The input:
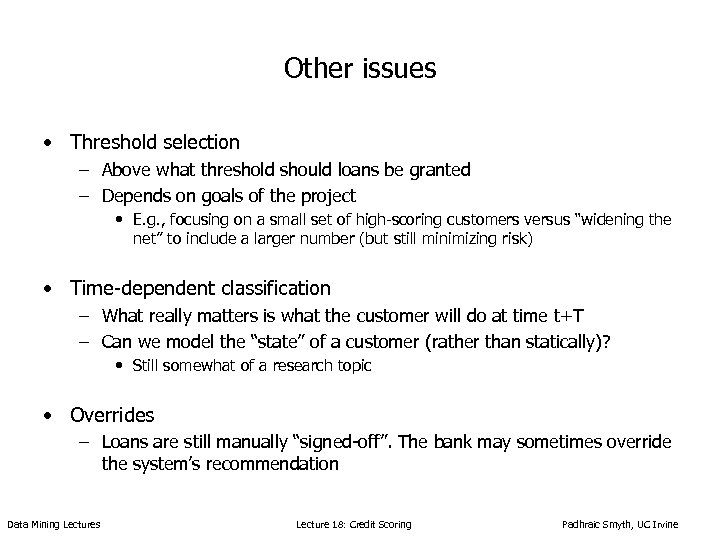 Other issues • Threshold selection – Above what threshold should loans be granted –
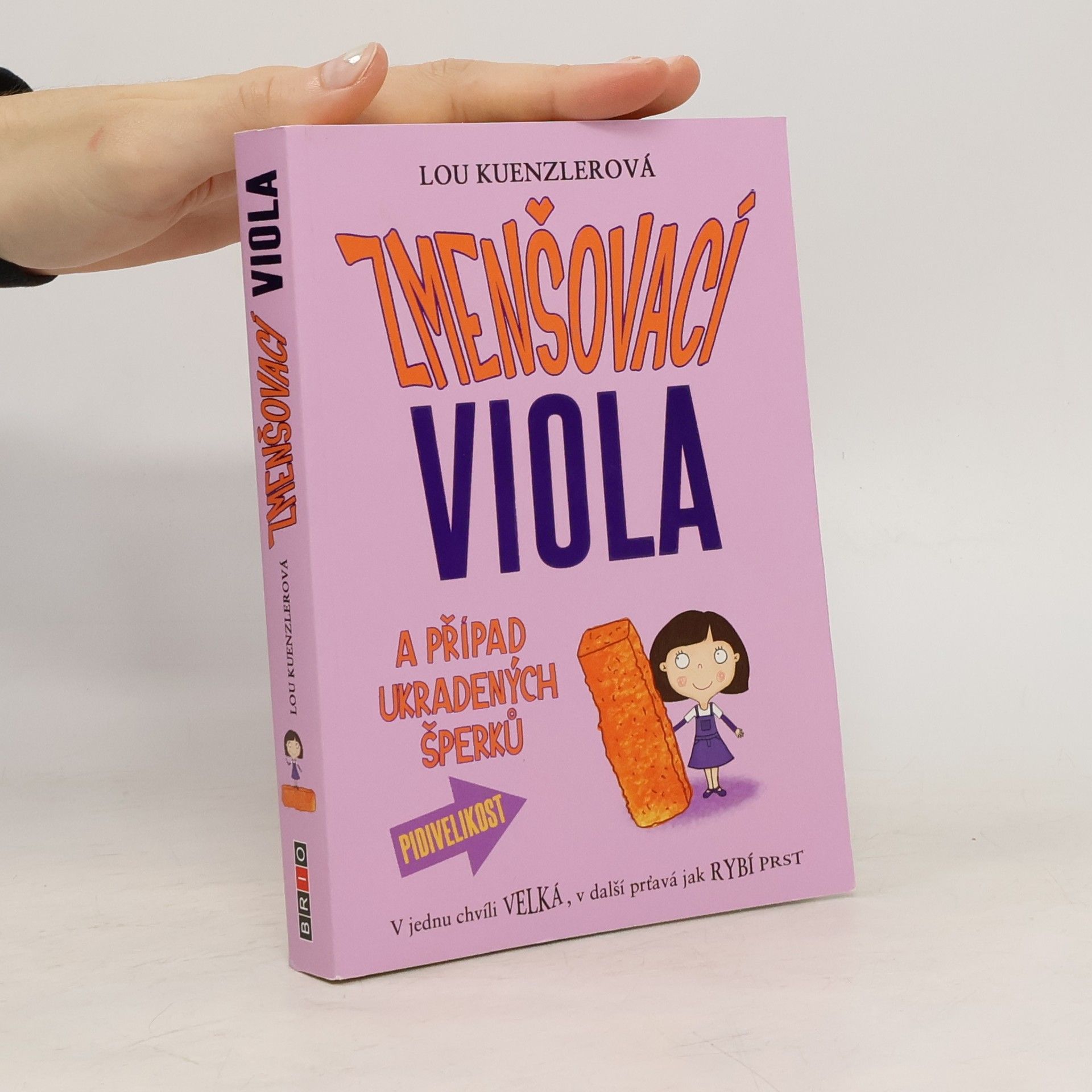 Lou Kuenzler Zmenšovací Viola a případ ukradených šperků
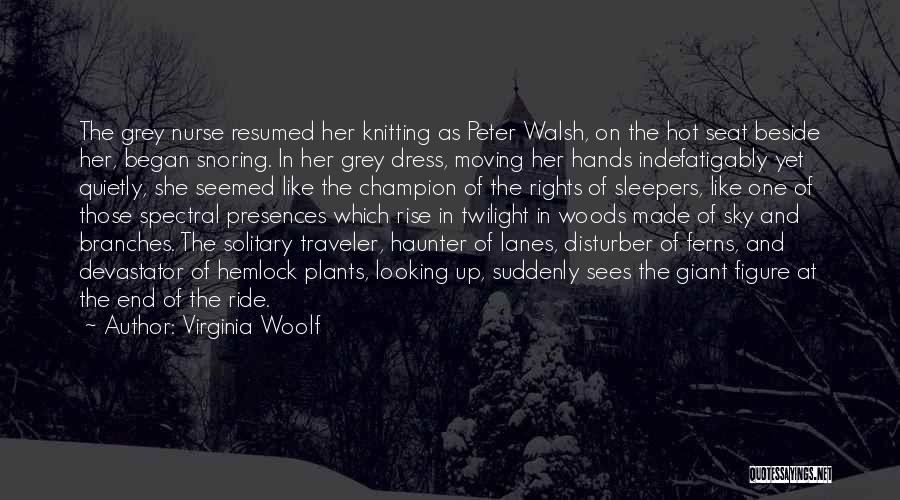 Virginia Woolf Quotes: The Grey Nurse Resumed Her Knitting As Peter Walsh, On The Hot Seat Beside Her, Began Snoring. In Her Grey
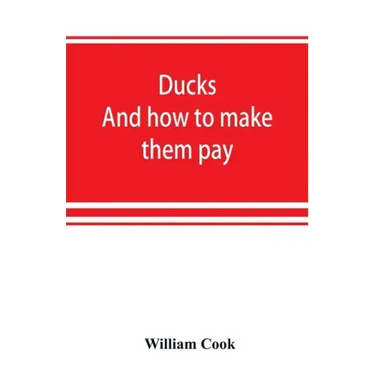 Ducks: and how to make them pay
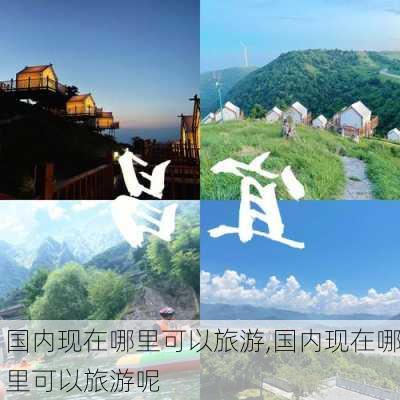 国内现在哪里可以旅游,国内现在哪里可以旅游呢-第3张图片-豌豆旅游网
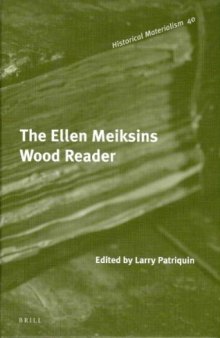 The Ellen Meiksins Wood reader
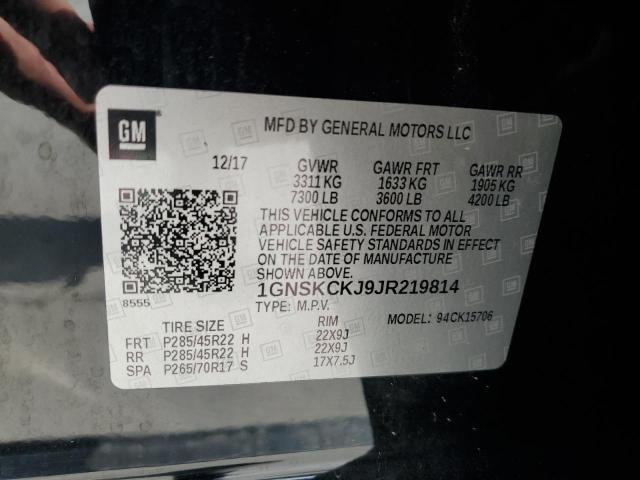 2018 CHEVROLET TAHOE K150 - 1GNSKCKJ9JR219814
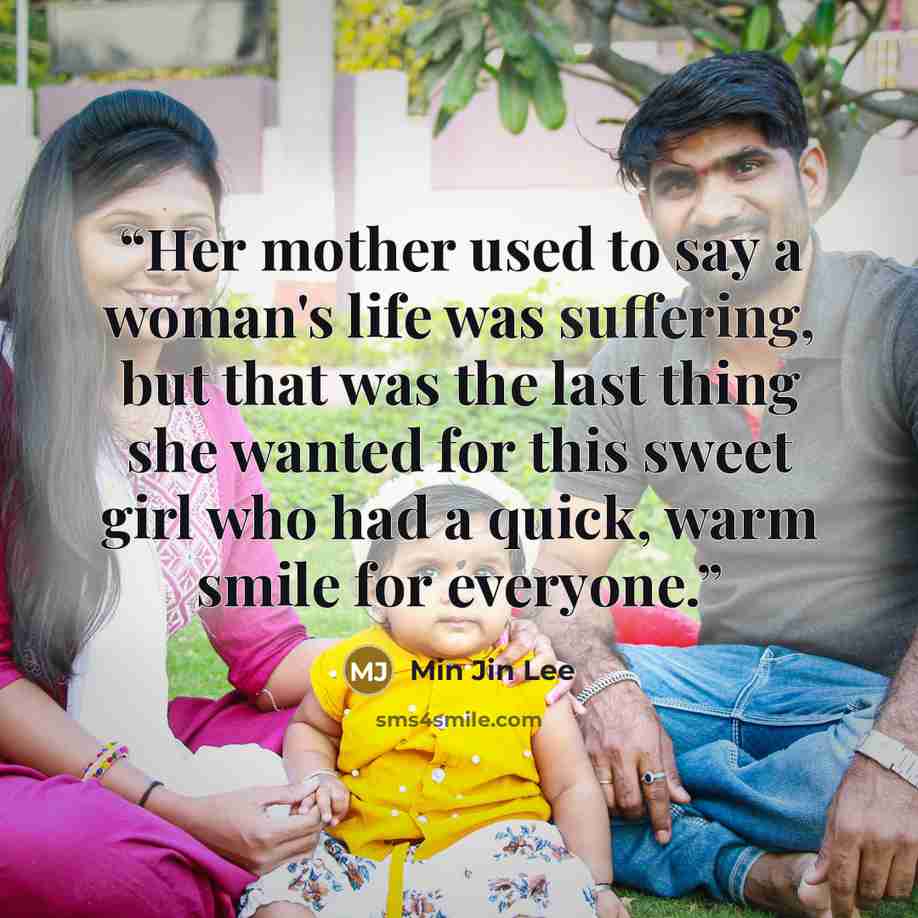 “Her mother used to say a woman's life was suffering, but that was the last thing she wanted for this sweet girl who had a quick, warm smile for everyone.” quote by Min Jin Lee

---

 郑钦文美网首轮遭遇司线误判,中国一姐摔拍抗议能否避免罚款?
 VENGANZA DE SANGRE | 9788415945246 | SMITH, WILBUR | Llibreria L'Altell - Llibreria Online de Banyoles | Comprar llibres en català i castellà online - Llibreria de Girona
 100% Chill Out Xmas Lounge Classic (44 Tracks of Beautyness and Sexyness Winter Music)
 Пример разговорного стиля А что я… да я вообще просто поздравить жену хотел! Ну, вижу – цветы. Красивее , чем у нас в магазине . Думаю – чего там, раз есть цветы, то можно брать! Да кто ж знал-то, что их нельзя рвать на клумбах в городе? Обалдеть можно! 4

What you will do:
Quote the lines above exactly, starting with the one that has "国内现在哪里可以旅游,国内现在哪里可以旅游呢-第3张图片-豌豆旅游网" and ending with the one that has "Min Jin Lee"; drop the pictures and include nothing else.

Answer space:
 国内现在哪里可以旅游,国内现在哪里可以旅游呢-第3张图片-豌豆旅游网
 The Ellen Meiksins Wood reader
 2018 CHEVROLET TAHOE K150 - 1GNSKCKJ9JR219814
 “Her mother used to say a woman's life was suffering, but that was the last thing she wanted for this sweet girl who had a quick, warm smile for everyone.” quote by Min Jin Lee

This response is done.